Any way, here's some letters...
I liked
your strip. Good for you. Mostly I liked the fact that Harry
was wearing an "I ate Siskel" button. Making fun of dead
people makes
me laugh. In fact today at dinner Chino and I were riffing on Michael
Jordan's dad. Stuff like "Wouldn't it be funny if you took his
dad's
skull, and used it like a ventriloquist doll. Say shit like, 'I don't
love you son' and 'You promised I'd watch your last game, well here
I
am.' I bet he wouldn't even get called for travelling after running
over to beat the fuck out of you." Okay, so that wasn't funny,
but the
Siskel thing was. The only thing is that I like Mark's rendition
better. Just a minor quibble though, I suppose. The actual strip looks
fine, and it's funny. Maybe you should add a dog and a cat like Get
Fuzzy too. I think they're both naked. Plus that angry bird at the
top
looks like Mallard Fillmore, except without the conservative rhetoric.
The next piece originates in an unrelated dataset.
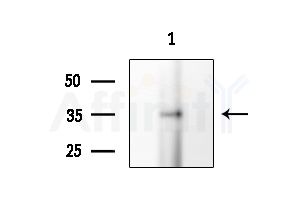 CLTR2 Antibody - Western blot analysis of extracts from A375 cells(heat-shock treatment), using CLTR2 Antibody at 1/1000 dilution.
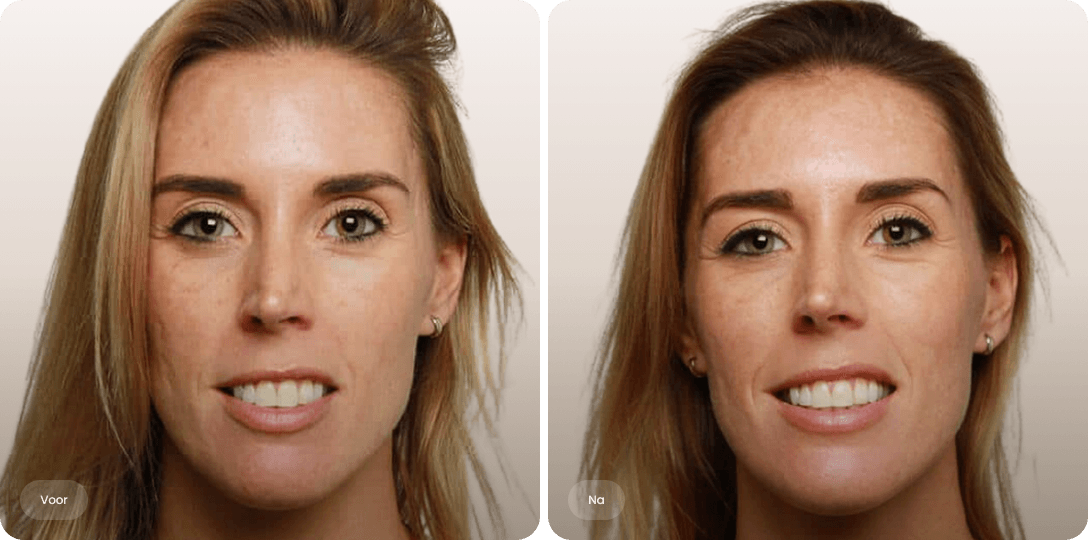 Voor en na foto van fillerbehandeling tegen acnelittekens in het gezicht bij The Body Clinic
Is that Mallard's brother or something? Can you get me Hobbes's
autograph? He's my favorite. Or at least hit Bill Watterson with a
car
for me? That would be, as the kids are wont to say, both funny and
true. And since, Fred is a pseudo-rocker, who are the real rockers?
I
would think Earth Crisis, or maybe The Dillinger Escape Plan. Or
possibly, no definately, Candiria. They's be good. Anyways, keep up
the good work. Someday I'll read it and comment on it as if I were
some
sort of old man writing sad, pathetic letters (not unlike this one)
to
the editor of his local paper.
Glander, Stephan W. <glandesw@uwec.edu>
__________________________________________________
See? This is what I'm talking about. I mean,
he had things to say that HE FELT were important enough to warrant
sending this out, but I can't quite fathom what it is. But I'll try,
here goes---
Yes,
Squeaky DOES look like Mallard Fillmore, who, in turn, looks like
a poorly drawn Opus from BLOOM COUNTY. But I'd hardly call Squeaky
angry, he's very secure in his place in life. And yes, Michael Jordan's
Dad's skull is VERY FUNNY, and yes, Hobbe's autograph is on it's way.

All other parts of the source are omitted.